After the end of week one we were exhausted but happy: the second week was going to be a lighter replica of the first one, and we could see light at the end of the tunnel. We kept receiving satisfied comments from most guests, which helped us a lot. But relaxing was completely out of the question. My work at the desk and managing relations with the venue management (restaurant, bar, media manager) was starting to level out, Carlo's work as tournament director was beginning to approach routine, Michele had set a good control on volunteers scheduling and Maurizio had established regular contacts with all relevant guests. But exhaustion was looming, and things would easily break apart as soon as we loosened the grip. One evening, some of us had the bad idea to relax for an hour and go for a pizza, completely forgetting that the others were still working to setting up the boards for the next day. Were it not for our complete confidence in each other's commitment we would have risked a quarrel.

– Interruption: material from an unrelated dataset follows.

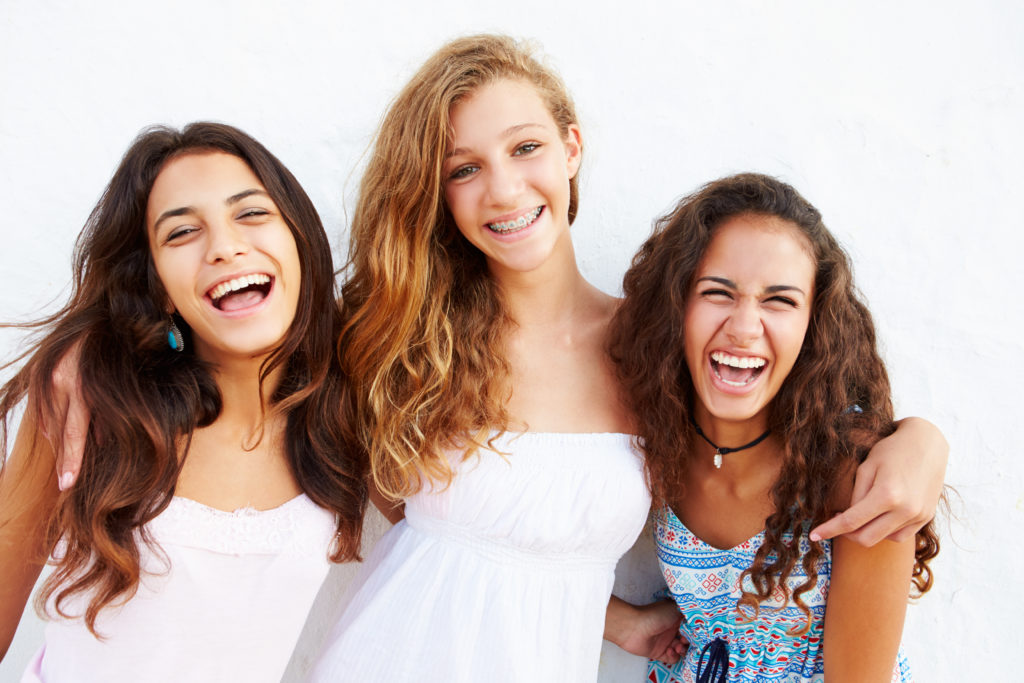 Portrait Of Three Teenage Laughing Girls Leaning Against Wall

All in all, apart from two or three days where I took one hour off, I was at the venue at 8 o'clock in the morning and left it around midnight, during which I hardly had a break, not even for eating. This feat was the most exhausting period that I have ever endured in my life.
But it was worth it. The congress was wonderful: so many people walking around, chatting, or sitting concentrated for hours during the tournament, the lectures, the food under the tent, the evening beers made this an unforgettable experience and a great satisfaction for setting up such a successful event. Thanks to all who made this possible, primarily the players who have attended, and good luck to next year's organisers!